PC Relative Addressing#

Programming with 64-Bit ARM Assembly Language | Chapter 5: Thanks for the Memories - Loading a Register with an Address - PC Relative Addressing

PC relative addressing has one more trick up its sleeve; it gives us a way to load any 64-bit quantity into a register in only one instruction, for example, consider

LDR X1, =0x1234ABCD1234ABCD

This assembles into

ldr X1, #8
// here missed an instruction ?
.quad 0x1234abcd1234abcd

The GNU Assembler is helping us out by putting the constant we want into memory, then creating a PC relative instruction to load it.

For PC relative addressing, it really becomes addressing relative to the current instruction. In the preceding example, “ldr X1, #8” means 8 words(instructions) from the current instruction.

In fact, this is how the Assembler handles all data labels. When we specified

LDR X1, =helloworld

the Assembler did the same thing; it created the address of the hellostring in memory and then loaded the contents of that memory location, not the helloworld string.

These constants the Assembler creates are placed at the end of the .text section which is where the Assembly instructions go, not in the .data section. This makes them read-only in normal circumstances, so they can't be modified. Any data that you want to modify should go in a .data section.

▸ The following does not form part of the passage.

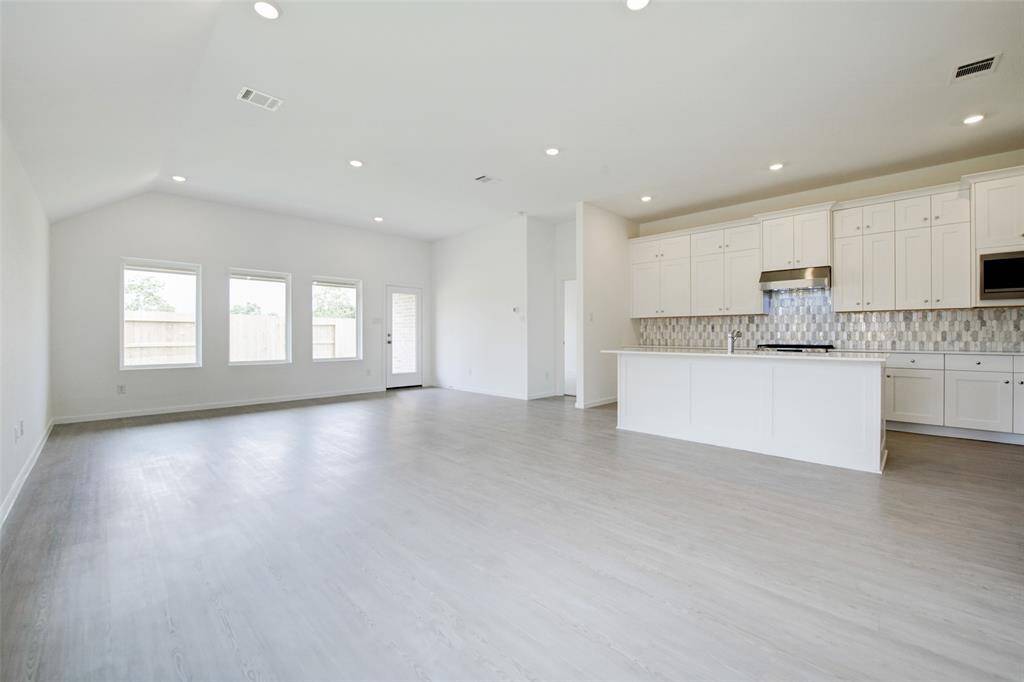 Sleek recessed lighting adds a contemporary touch throughout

Literal (PC-Relative) Addressing#

Arm Assembly Internals and Reverse Engineering | Chapter 6 Memory Access Instructions - Addressing Modes and Offset Forms - Literal (PC-Relative) Addressing - Loading Constants

LDR can also load a constant value or the address of a label using the specialized syntax LDR Rn,=value. This syntax is also useful for cases when you write assembly and a constant cannot be directly encoded into a MOV instruction.

; A32
_start:
    ldr r0, =0x55555555 // Set r0 to 0x55555555
    ldr r1, =_start     // Set r1 to address of _start

; A64
_start:
    ldr x1, =0xaabbccdd99887766 // Set x1 to 0xaabbccdd99887766
    ldr x2, =_start             // Set x2 to address of _start

This syntax is a directive to the assembler to place the constant in a nearby literal pool and to translate the instruction into a PC-relative load of this constant at runtime, as you can see in this disassembly output:

Disassembly of section .text:

0000000000400078 <_start>:
    400078:     58000041    ldr         X1, 400080 <_start+0x8>
    40007C:     58000062    ldr         x2, 400088 <_start+0x10>
    400080:     99887766    .word       0х99887766 // <literal pool>
    400084:     aabbccdd    .word       0xaabbccdd
    400088:     00400078    .word       0х00400078
    40008C:     00000000    .word       0x00000000 // </literal pool>

The assembler groups and deduplicates the constants in the literal pool and writes them at the end of the section, or “spills” them explicitly when it encounters an LTORG directive in the assembly file.

Literal pools cannot be placed anywhere in memory; they must be close to the instruction using it. How close, and the direction, depends on the instruction and architecture using it, given in Table 6.15.

Table 6.15: LDR Literal Pool Locality Requirements

INSTRUCTION SET	INSTRUCTION	LITERAL POOL LOCALITY REQUIREMENT
A32	LDR	PC ± 4KB
T32	LDR.W	PC ± 4KB
idem	LDR (16-bit)	Within 1KB strictly forwards from PC
A64	LDR	PC ± 1MB

By default, an assembler will try to rewrite literal loads into an equivalent MOV or MVN instruction. A PC-relative LDR instruction will be used only if this is not possible.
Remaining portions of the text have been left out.